#### Problem to work on
Copy everything in the listing below word for word, apart from any images.

#### Information provided
§ §
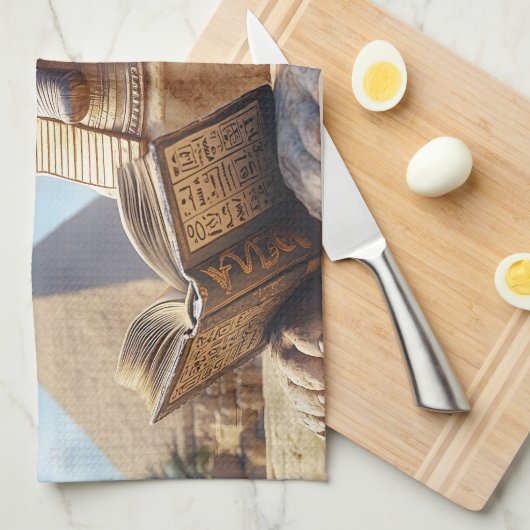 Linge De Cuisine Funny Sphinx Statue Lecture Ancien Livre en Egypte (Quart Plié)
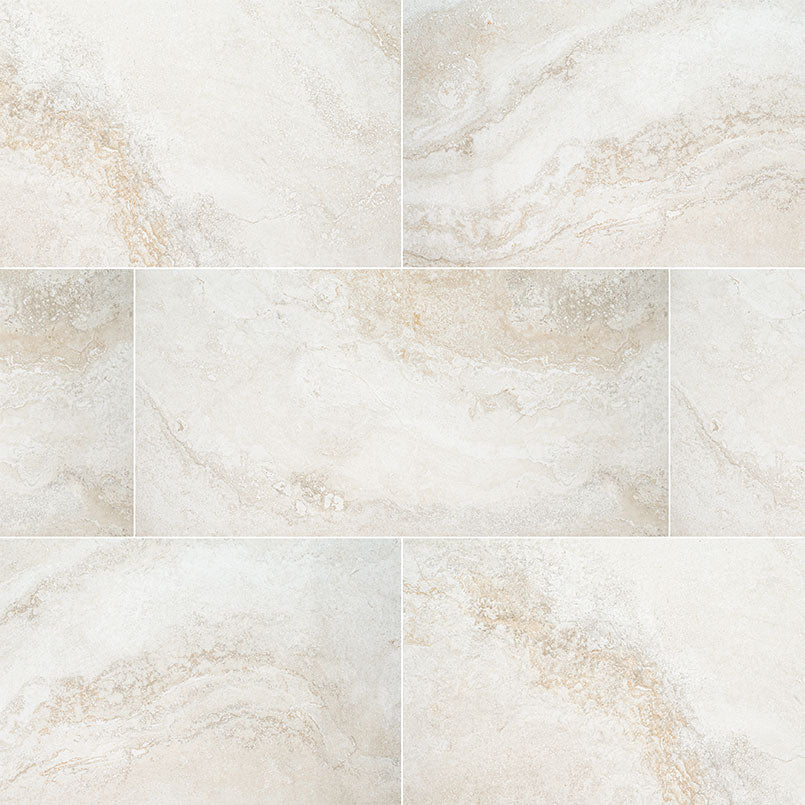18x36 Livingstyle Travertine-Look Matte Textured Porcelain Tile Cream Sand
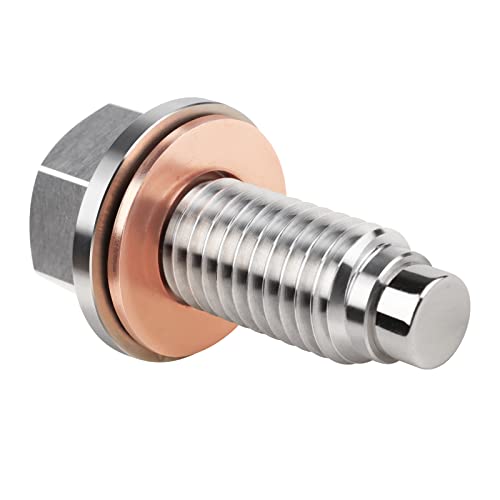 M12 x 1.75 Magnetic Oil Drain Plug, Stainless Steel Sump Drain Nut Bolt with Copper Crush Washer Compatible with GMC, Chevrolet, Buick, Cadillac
§ §
#### Reply
 Linge De Cuisine Funny Sphinx Statue Lecture Ancien Livre en Egypte (Quart Plié)
18x36 Livingstyle Travertine-Look Matte Textured Porcelain Tile Cream Sand
 M12 x 1.75 Magnetic Oil Drain Plug, Stainless Steel Sump Drain Nut Bolt with Copper Crush Washer Compatible with GMC, Chevrolet, Buick, Cadillac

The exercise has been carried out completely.